## Data for the task
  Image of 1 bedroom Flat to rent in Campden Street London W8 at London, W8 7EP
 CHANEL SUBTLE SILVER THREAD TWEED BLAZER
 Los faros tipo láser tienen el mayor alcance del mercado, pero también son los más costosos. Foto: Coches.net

--

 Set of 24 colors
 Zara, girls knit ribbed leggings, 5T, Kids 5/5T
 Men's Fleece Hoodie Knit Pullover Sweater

## What this task involves
Everything from the line containing "Image of 1 bedroom" through the line containing "Los faros tipo" in the material above should be retyped exactly, both ends included, and nothing more.

## Answer to this task
  Image of 1 bedroom Flat to rent in Campden Street London W8 at London, W8 7EP
 CHANEL SUBTLE SILVER THREAD TWEED BLAZER
 Los faros tipo láser tienen el mayor alcance del mercado, pero también son los más costosos. Foto: Coches.net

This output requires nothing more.